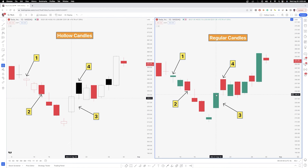This is really how you can decode hollow candles versus regular candles. If you're following me on Twitter, all I use is hollow candles — it's a much easier and more efficient way to read the market. There's nothing wrong with regular candles, but I just feel it's easier and more efficient to use hollow candles, and that is why I use hollow over regular.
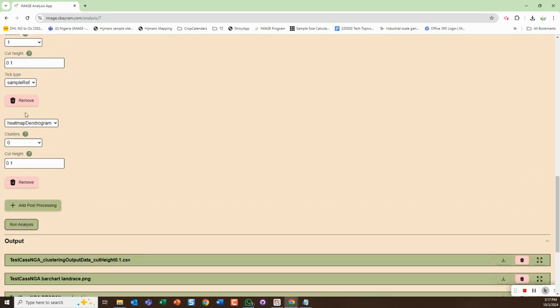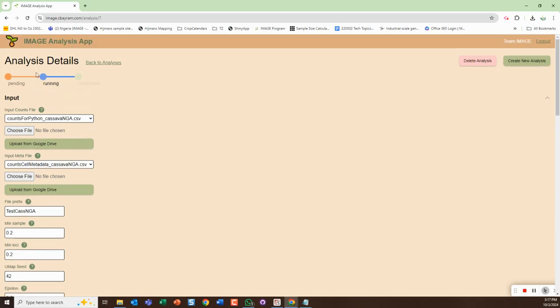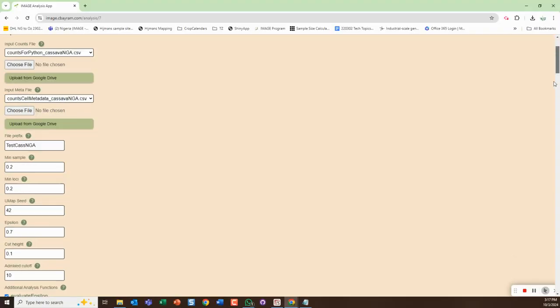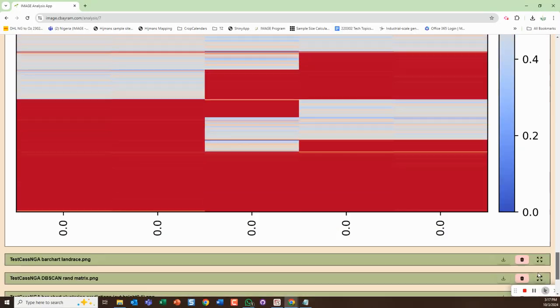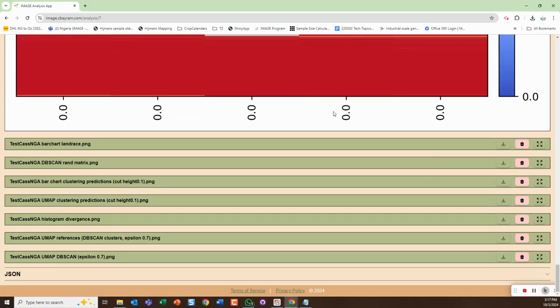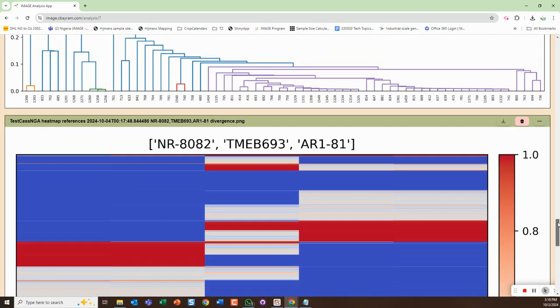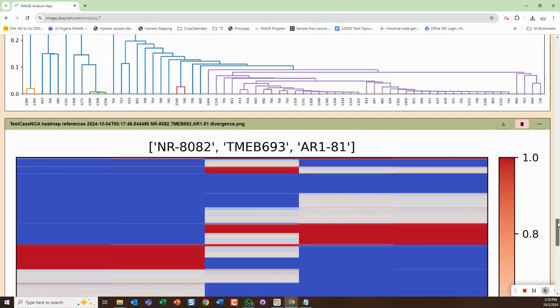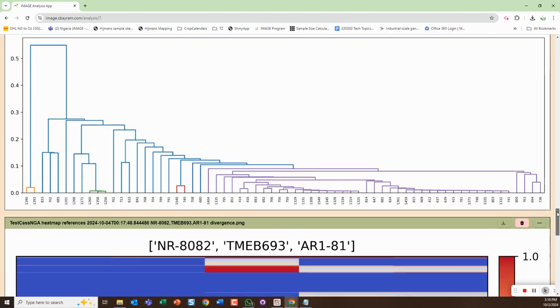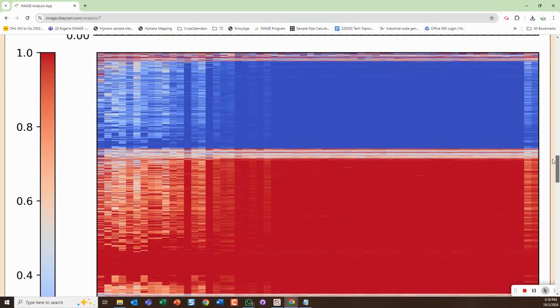Then I can run this analysis. I could keep adding post processing as was of interest. So it's going to run that analysis here. It also shows you I believe up top that it's running. We'll see how long it takes to complete. It's completed.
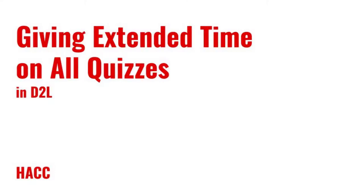Hi everyone, Daryl Legacy here, Instructional Designer for HACC. Today, we're going to look at a new feature in D2L that will make it much easier to give students extra time on tests and quizzes.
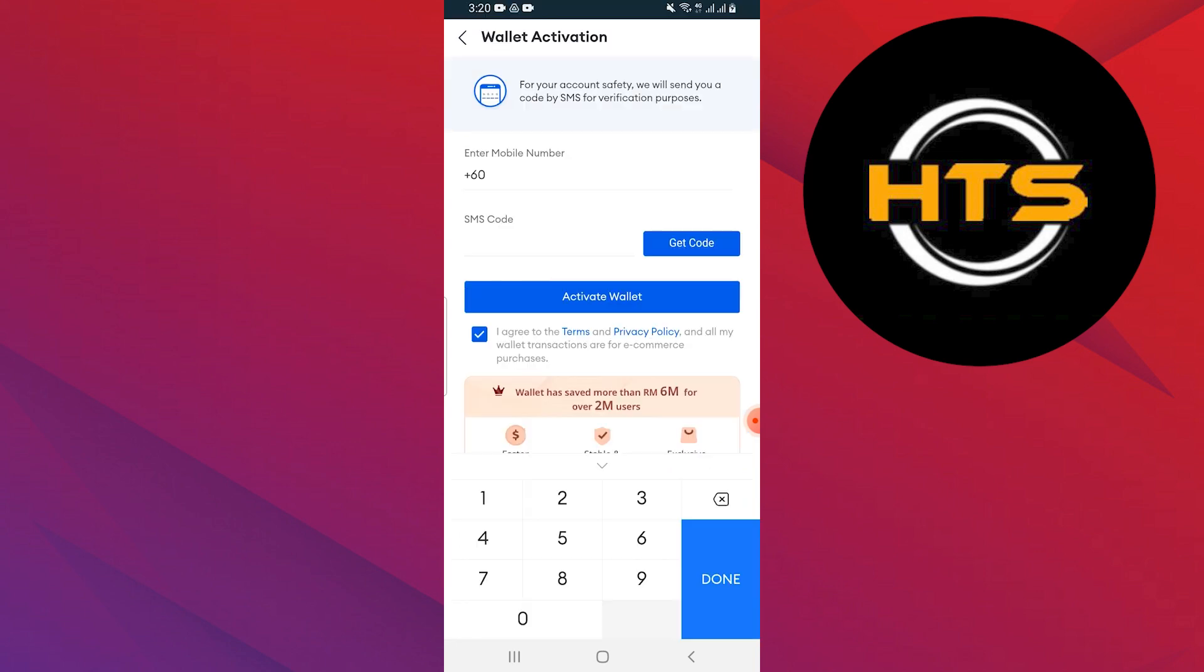After that, you will need to enter your mobile number to link your GCash account. Lazada will send a verification code to your phone. Enter the code to complete the process.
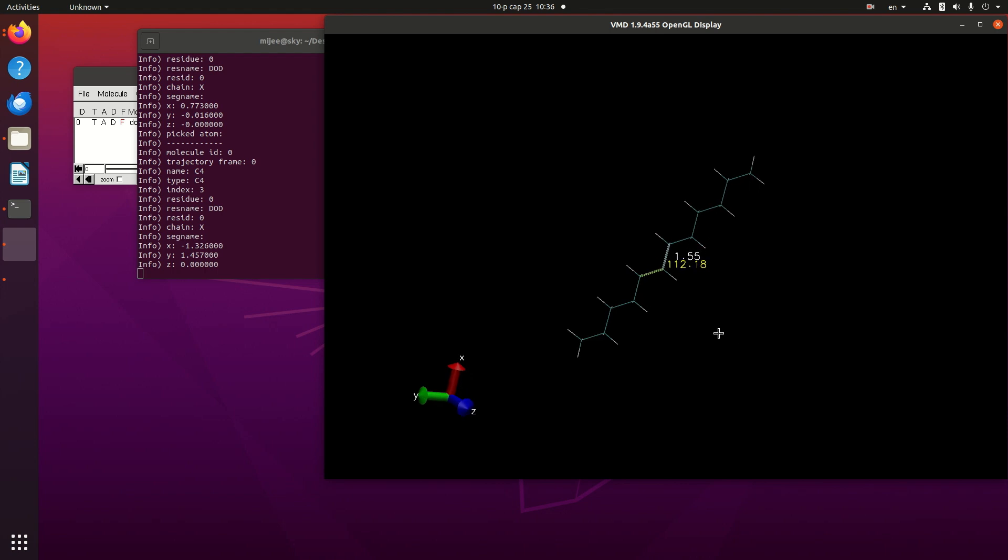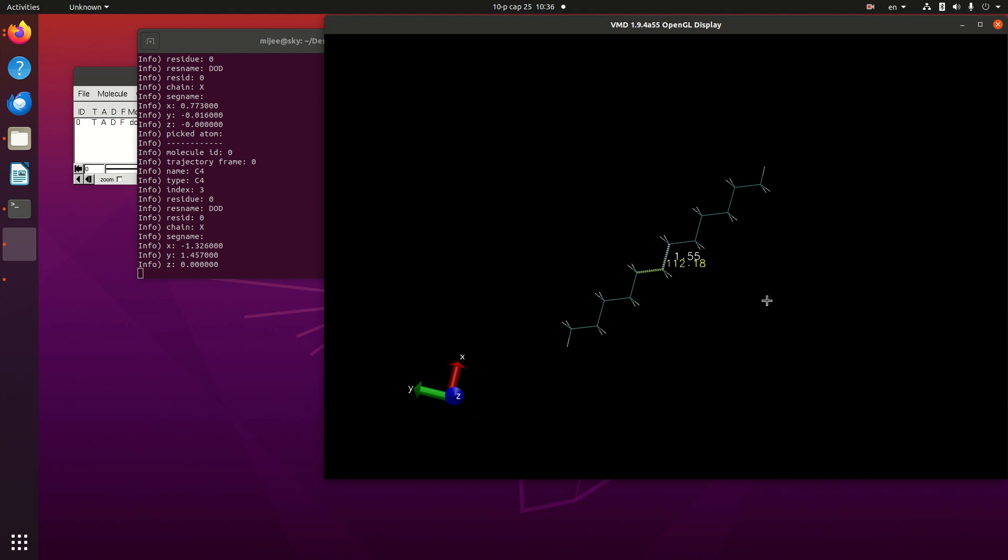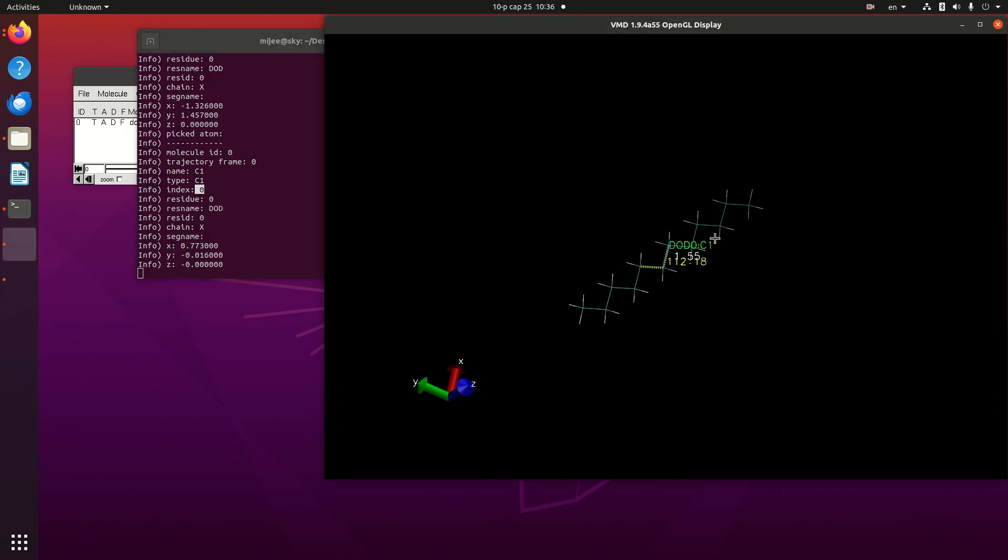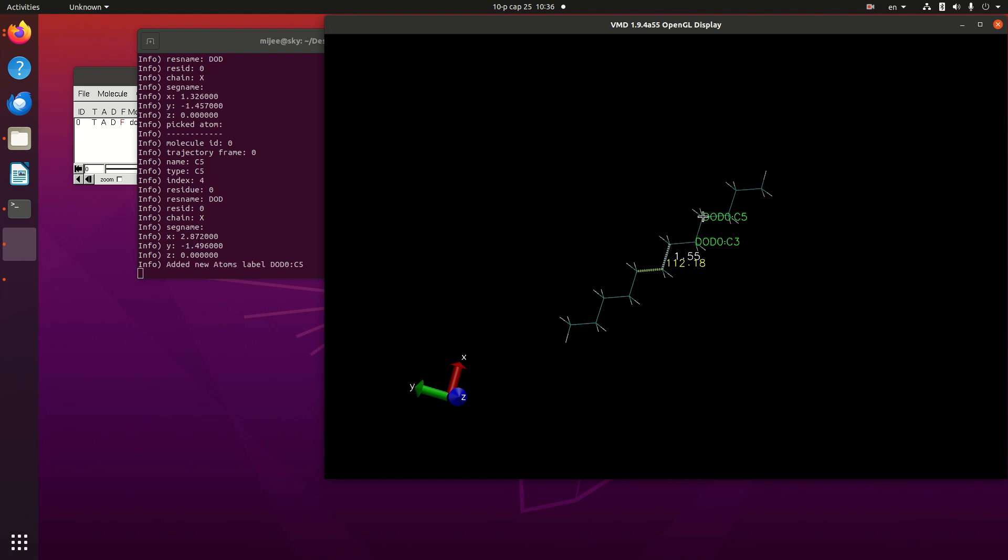At first, we should know these different groups' index or atom names. For example, I want to know this atom index. Index is 0, 2, 4.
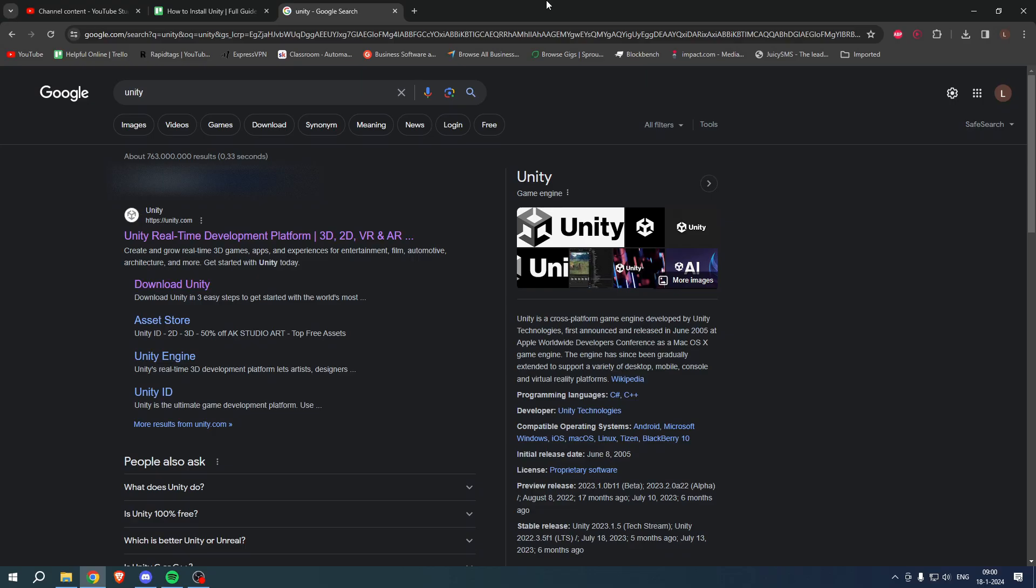How to install Unity. Well, that is what I'm going to show you guys in this full guide. So if you have any questions or if this video helps you out, let me know below and let's get started right away.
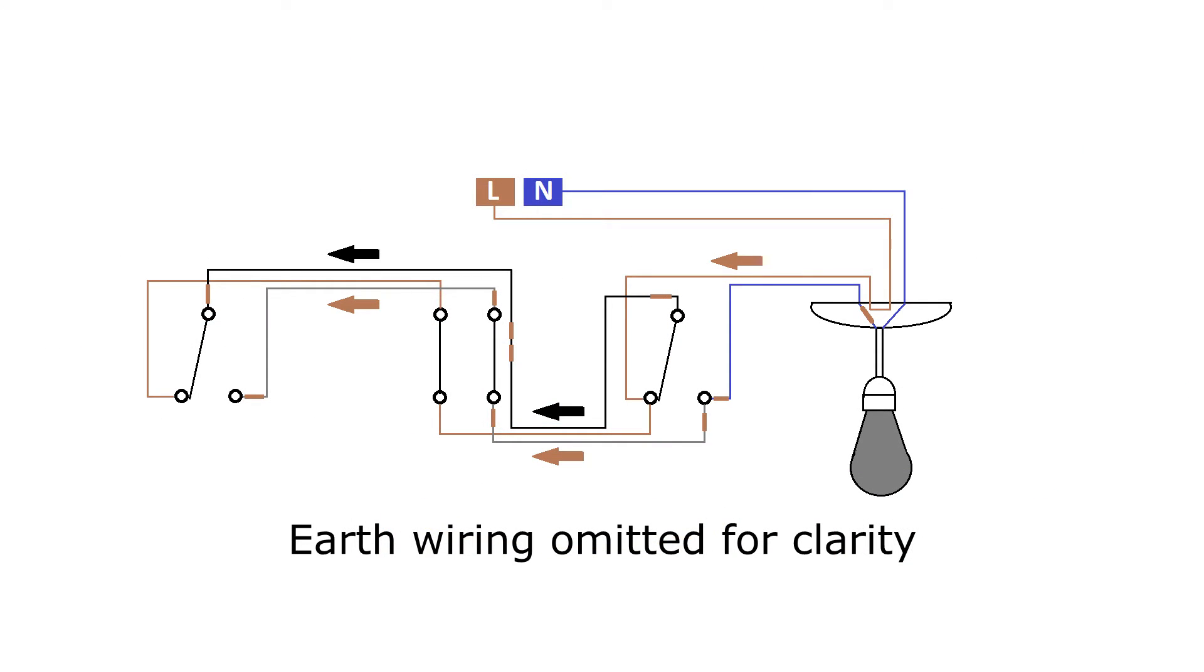Note also that this diagram doesn't show the earth conductor for simplicity. In practice, there should be an earth conductor going between all the fittings as well. With metal back boxes and or switches, there'll be a screw terminal it can connect to. For all plastic fittings, they should be connected or terminated again in, for example, a block connector or a WAGO terminal.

## What you have to do
From the records above, extract the lines from the one holding "Hi everyone, Daryl" through the one holding "After that, you", word for word; omit the pictures.

## Solution below
Hi everyone, Daryl Legacy here, Instructional Designer for HACC. Today, we're going to look at a new feature in D2L that will make it much easier to give students extra time on tests and quizzes.
After that, you will need to enter your mobile number to link your GCash account. Lazada will send a verification code to your phone. Enter the code to complete the process.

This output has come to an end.